|LETTER TO THE EDITOR - OBSERVATION LETTER
|Year : 2020 | Volume
| Issue : 1 | Page : 66-68
Bullous pemphigoid triggered by rabies vaccine
Anuradha Jindal1, Sudhir U. K. Nayak1, Shrutakirthi D Shenoi1, Raghavendra Rao1, Vidya Monappa2
1 Department of Dermatology, Kasturba Medical College, Manipal Academy of Higher Education, Manipal, Karnataka, India
2 Department of Pathology, Kasturba Medical College, Manipal Academy of Higher Education, Manipal, Karnataka, India
|Date of Web Publication||11-Dec-2019|
Dr. Sudhir U. K. Nayak
Associate Professor, Department of Dermatology, Venereology and Leprosy, Kasturba Medical College, Manipal Academy of Higher Education, Manipal, Karnataka
Source of Support: None, Conflict of Interest: None
|How to cite this article:|
Jindal A, Nayak SU, Shenoi SD, Rao R, Monappa V. Bullous pemphigoid triggered by rabies vaccine. Indian J Dermatol Venereol Leprol 2020;86:66-8
|How to cite this URL:|
Jindal A, Nayak SU, Shenoi SD, Rao R, Monappa V. Bullous pemphigoid triggered by rabies vaccine. Indian J Dermatol Venereol Leprol [serial online] 2020 [cited 2020 Jan 27];86:66-8. Available from: http://www.ijdvl.com/text.asp?2020/86/1/66/272752
Bullous pemphigoid (BP) is an autoimmune blistering disease characterized by autoantibodies toward basement membrane zone antigens BP180 and BP230. There are many known trigger factors for this immunobullous disorder such as ultraviolet (UV) radiation, drugs, trauma and burns. Diphtheria, pertussis and polio vaccines have also been documented to trigger the onset of bullous pemphigoid. We report a case of bullous pemphigoid triggered by rabies vaccine.
A 60-year-old female presented with sudden onset of itchy fluid-filled lesions of 20 days duration. The patient gave a history of dog bite for which 0.1 mL of inactivated rabies virus vaccine was injected intramuscularly on 0, 3 and 7 days. Six days after the dog bite, the patient started developing vesicles and bullae on the skin.

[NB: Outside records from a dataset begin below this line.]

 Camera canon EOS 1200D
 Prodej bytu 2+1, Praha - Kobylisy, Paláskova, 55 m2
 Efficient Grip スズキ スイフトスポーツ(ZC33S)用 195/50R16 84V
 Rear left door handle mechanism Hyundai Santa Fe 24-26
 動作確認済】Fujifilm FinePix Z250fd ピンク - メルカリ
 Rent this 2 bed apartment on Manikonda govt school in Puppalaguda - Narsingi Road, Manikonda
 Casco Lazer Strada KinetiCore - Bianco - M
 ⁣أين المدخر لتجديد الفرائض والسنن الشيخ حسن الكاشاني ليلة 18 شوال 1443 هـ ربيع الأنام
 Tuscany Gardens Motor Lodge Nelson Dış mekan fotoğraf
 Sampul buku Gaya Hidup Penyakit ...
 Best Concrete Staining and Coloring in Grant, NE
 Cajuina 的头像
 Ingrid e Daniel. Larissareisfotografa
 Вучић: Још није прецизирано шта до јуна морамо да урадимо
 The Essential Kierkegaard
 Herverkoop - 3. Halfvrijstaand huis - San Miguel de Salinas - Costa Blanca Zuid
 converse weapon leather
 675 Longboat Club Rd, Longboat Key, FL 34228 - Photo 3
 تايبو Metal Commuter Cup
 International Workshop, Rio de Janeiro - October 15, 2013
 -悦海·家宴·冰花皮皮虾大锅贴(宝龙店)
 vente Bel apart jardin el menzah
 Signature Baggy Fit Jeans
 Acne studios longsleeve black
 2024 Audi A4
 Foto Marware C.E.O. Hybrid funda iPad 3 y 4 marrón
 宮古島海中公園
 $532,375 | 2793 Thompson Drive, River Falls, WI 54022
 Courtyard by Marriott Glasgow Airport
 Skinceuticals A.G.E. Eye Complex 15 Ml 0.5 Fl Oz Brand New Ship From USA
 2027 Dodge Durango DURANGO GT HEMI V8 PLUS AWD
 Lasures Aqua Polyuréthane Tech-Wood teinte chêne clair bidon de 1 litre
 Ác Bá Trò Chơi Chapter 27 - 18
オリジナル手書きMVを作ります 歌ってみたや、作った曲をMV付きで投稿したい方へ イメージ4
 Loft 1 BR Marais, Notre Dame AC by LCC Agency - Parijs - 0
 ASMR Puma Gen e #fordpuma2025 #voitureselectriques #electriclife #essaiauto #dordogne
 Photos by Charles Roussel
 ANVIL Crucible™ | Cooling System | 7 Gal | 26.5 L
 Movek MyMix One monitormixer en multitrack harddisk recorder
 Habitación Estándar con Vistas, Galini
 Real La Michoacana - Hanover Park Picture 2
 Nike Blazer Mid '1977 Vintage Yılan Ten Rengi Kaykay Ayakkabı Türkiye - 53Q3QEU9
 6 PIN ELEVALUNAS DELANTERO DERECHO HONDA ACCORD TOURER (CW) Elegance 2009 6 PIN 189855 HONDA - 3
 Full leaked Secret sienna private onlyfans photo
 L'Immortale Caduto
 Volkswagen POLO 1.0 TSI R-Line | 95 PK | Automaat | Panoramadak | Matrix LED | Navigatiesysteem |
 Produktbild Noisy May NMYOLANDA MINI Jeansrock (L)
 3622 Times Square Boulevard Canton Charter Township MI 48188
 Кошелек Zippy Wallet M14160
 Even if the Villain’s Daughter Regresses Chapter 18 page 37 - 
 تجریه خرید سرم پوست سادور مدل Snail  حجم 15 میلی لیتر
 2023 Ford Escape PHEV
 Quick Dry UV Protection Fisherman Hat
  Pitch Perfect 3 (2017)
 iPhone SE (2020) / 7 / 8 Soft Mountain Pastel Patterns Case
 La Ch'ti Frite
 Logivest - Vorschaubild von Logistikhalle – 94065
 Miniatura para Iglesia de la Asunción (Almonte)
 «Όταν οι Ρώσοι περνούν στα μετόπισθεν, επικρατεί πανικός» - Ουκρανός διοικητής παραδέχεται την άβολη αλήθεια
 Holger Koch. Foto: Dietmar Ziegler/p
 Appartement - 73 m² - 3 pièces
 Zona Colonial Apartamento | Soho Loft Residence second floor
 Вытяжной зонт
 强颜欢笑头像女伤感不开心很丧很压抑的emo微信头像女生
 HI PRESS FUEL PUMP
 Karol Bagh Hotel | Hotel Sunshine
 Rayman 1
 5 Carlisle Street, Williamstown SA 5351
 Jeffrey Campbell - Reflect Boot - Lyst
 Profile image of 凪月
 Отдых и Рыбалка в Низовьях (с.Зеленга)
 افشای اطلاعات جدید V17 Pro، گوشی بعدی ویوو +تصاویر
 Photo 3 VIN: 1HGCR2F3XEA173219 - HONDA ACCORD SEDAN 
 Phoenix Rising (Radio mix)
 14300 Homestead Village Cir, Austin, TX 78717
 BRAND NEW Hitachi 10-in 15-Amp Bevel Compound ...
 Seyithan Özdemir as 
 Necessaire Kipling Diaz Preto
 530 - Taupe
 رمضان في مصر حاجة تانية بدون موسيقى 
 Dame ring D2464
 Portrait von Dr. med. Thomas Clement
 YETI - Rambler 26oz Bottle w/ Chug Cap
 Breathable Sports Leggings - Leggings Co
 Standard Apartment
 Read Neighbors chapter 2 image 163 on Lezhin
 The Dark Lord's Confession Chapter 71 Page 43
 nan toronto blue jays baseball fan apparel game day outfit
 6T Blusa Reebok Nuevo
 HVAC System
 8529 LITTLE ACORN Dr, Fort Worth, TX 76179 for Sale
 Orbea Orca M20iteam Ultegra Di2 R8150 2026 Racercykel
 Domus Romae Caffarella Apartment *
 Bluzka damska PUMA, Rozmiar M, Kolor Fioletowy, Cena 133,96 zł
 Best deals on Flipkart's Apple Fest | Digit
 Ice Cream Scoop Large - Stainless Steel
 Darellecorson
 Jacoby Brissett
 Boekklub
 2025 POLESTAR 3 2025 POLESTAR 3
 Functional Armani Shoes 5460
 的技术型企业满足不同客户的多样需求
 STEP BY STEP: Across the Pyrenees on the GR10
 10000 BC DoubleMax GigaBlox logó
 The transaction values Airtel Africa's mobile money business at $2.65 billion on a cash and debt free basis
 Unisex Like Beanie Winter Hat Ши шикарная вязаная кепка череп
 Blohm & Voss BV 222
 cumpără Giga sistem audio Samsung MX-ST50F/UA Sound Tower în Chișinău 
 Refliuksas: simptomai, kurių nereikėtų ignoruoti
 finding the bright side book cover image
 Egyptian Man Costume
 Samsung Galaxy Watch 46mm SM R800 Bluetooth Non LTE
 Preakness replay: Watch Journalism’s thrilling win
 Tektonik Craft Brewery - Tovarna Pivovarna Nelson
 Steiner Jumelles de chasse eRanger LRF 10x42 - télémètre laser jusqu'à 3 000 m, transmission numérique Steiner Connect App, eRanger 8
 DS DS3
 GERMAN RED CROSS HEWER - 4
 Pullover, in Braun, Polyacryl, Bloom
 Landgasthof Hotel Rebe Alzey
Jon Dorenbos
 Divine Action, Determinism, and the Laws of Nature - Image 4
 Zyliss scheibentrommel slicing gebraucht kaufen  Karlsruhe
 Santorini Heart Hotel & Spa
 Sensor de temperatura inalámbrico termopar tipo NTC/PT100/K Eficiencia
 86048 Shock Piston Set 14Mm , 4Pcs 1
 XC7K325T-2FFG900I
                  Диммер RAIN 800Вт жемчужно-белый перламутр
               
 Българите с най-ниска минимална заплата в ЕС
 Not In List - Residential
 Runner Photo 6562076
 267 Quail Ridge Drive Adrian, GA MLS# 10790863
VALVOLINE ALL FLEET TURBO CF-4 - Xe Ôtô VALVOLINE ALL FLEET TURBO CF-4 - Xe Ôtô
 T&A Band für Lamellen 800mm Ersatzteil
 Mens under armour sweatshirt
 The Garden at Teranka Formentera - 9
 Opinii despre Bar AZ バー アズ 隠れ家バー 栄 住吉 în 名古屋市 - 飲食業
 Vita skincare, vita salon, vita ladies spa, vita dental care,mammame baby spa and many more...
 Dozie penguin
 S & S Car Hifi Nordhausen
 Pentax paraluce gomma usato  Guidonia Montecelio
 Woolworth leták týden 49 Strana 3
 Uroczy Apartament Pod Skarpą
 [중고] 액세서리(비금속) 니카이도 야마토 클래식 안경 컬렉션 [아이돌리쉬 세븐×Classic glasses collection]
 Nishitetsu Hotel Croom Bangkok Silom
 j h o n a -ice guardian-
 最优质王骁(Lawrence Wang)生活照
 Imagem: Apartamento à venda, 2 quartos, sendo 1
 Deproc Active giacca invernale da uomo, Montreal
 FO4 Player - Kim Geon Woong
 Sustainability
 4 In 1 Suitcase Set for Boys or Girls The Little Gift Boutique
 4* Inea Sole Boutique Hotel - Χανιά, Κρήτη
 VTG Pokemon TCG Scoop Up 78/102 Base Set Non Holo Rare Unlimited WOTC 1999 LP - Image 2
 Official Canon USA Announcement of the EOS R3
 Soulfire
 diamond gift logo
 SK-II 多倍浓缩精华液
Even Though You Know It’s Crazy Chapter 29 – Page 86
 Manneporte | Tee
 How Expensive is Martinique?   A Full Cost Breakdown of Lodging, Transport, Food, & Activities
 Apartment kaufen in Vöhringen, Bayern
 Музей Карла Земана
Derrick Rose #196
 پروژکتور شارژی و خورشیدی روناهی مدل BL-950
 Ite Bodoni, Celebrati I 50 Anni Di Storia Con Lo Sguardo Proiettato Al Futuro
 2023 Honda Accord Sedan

Blisters were first noticed near the site of administration of rabies vaccine and then later disseminated to involve trunk and extremities over the next 3 days. Examination showed multiple urticated and erythematous plaques and tense bullae on erythematous base measuring 1–3 cm in diameter on trunk, forearms and thighs [Figure 1]. Bulla spread sign was positive. Tzanck test performed from a fresh bulla showed eosinophils. Histopathology from an urticarial plaque showed subepidermal blister with occasional lymphocytes and eosinophils with dermal perivascular infiltrate of eosinophils and lymphocytes, suggestive of cell poor variant of bullous pemphigoid [Figure 2]. Direct immunofluorescence showed basement membrane zone staining with complement 3 [Figure 3]. Enzyme-linked immunosorbent assay for antibodies against BP180 was positive with a titer of 130 RU/mL. Taking into consideration all these findings, diagnosis of bullous pemphigoid was established and the patient was started on prednisolone 1 mg/kg along with nicotinamide 250 mg twice a day. She responded very well to the treatment and new lesions stopped appearing after 7 days.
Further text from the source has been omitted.